A label set is the set of labels you want the human labelers to use to label your images. For example, if you want to classify images based on whether they contain a dog or a cat, you create a label set with two labels: "Dog" and "Cat". (Actually, as noted below, you might also want labels for "Neither" and "Both".) Your label set can include up to 100 labels.
A project can have multiple label sets, each used for a different Data Labeling Service request. You can get a list of the available label sets and delete sets you no longer need; see the annotation specification set resource page for more information.
Design a good label set
Here are some guidelines for creating a high-quality label set.
- Make each label's display name a meaningful word, such as "dog", "cat", or "building". Do not use abstract names like "label1" and "label2" or unfamiliar acronyms. The more meaningful the label names, the easier it is for human labelers to apply them accurately and consistently.
- Make sure the labels are easily distinguishable from one another. For classification tasks where a single label is applied to each data item, try not to use labels whose meanings overlap.
- For classification tasks, it is usually a good idea to include a label named "other" or "none", to use for data that don't match the other labels. If the only available labels are "dog" and "cat", for example, labelers will have to label every image with one of those labels. Your custom model is typically more robust if you include images other than dogs or cats in its training data.
- Keep in mind that labelers are most efficient and accurate when you have at most 20 labels defined in the label set.
Create a label set resource
Web UI
Open the Data Labeling Service UI.
The Label sets page shows the status of previously created label sets for the current project.
To add a label set for a different project, select the project from the drop-down list in the upper right of the title bar.
Click the Create button in the title bar.
On the Create a label set page, enter a name and description for the set.

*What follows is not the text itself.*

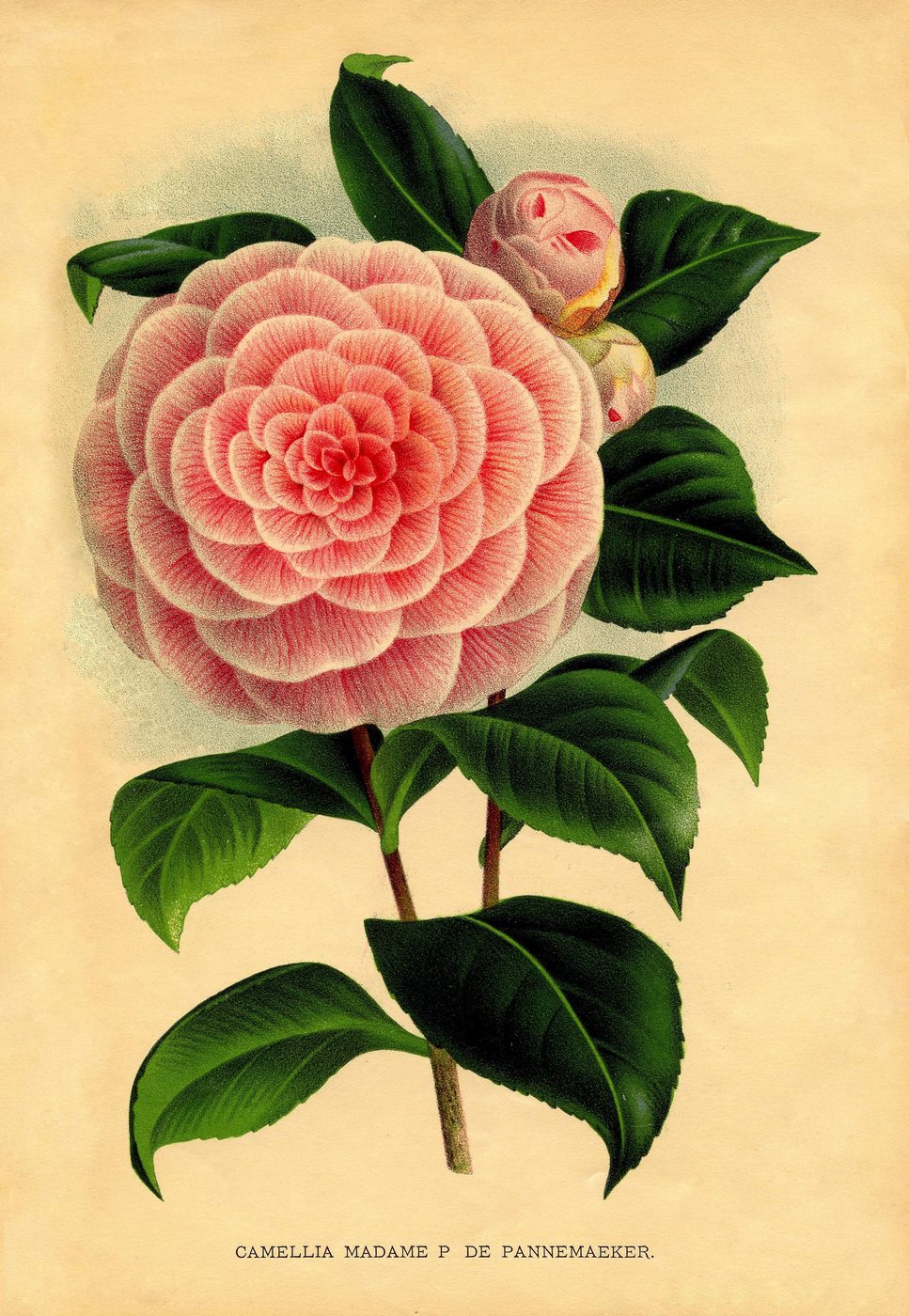 40+ Free Printables for Gallery Walls | Bekob.com #free #printables #art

In the Labels section, enter names and descriptions for each label you want the human labelers to apply.
After entering the name and description for a label, click Add label to add a row for an additional label. You can add up to 100 labels.
Click Create to create the annotation specification set.
You're returned to the Label sets list page.
Command-line
To create the label set resource, you list all labels in JSON format, then pass it to the Data Labeling Service.
The following example creates a label set named code_sample_label_set
that has two labels.
Save the "name"
of the new label set (from the response) for
use with other operations, such as sending the labeling request.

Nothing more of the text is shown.